Over time, the adoption process for pets has become more and more complex. Lengthy and often arduous applications, home visits, reference checks and inquiries with landlords all contribute to a cumbersome adoption process. With more pets entering shelters than leaving, animal welfare organizations are revisiting their adoption process in order to reduce barriers and place more pets in loving homes.

One impediment to pet adoption is extensive application processes that potential adopters find daunting. Applications that require detailed personal information, references and even financial disclosures have become commonplace for shelters and rescues. In order to attract more adopters, shelters and rescue organizations are streamlining their application forms. By simplifying the paperwork, these organizations hope to encourage more people to consider adopting a pet and make the process less intimidating. La Plata County Humane Society has recently revised its adoption process, which will launch March 1.

While LPCHS has never required a home visit for adopters, many rescues do. Home visit requirements are quickly becoming antiquated, and animal welfare leaders are encouraging shelters and rescues to reconsider this intrusive and time consuming practice. While the intention behind home visits is to ensure that the living environment is suitable for the pet, potential adopters have found this invasion of privacy to be a significant deterrent. Instead of relying solely on home visits, some organizations are shifting toward virtual interviews and video tours, allowing them to assess the living conditions without intruding on the adopter’s personal space. Other organizations are eliminating this practice entirely. This change not only expedites the adoption process but also accommodates people who may have privacy concerns or busy schedules.

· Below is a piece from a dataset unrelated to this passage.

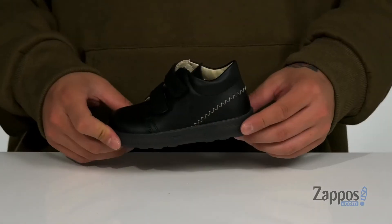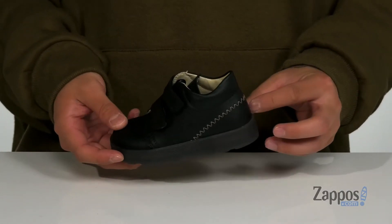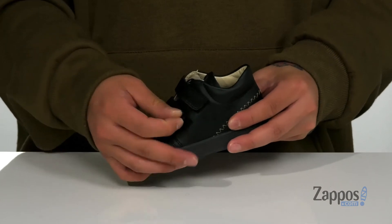Hey, it's Andrew from Zappos and this is the Falcotto Harlan VL AW20 from Naturino. This great shoe from Naturino features a durable leather upper, lovely contrast stitching at the back half of the shoe, and two large hook and loop straps.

Reference checks and landlord follow-ups, while well-intentioned, have also contributed to delays and hesitations in the adoption process. Waiting to connect with a landlord or reference can often delay adoption days or even weeks. This means pets are sitting in the kennel environment longer. Organizations are now placing greater emphasis on building relationships with potential adopters, fostering trust and providing support rather than scrutinizing references. LPCHS emphasizes that, if at any point, the adoption isn’t working, adopters can reach out for support, or return the animal to us. By shifting the focus from a stringent approval process to education and support, animal welfare groups aim to create a more positive experience for both adopters and the animals in their care.

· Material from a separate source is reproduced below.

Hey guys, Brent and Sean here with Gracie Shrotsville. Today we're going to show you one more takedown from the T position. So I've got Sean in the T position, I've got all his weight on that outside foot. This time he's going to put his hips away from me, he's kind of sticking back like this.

Adopters are an animal shelter’s most valuable asset. Without adopters, homeless pets sit in limbo, with no end in site. It is the responsibility of animal welfare organizations to create an adoption process that is supportive, welcoming and informative. The landscape of pet adoption is undergoing a positive transformation as animal welfare organizations recognize and address the barriers that have begun to hinder potential adopters. By simplifying application processes, rethinking home visits and fostering supportive relationships with adopters, these organizations are striving to make the adoption experience more inclusive and welcoming.

Colleen Dunning is the development manager for the La Plata County Humane Society.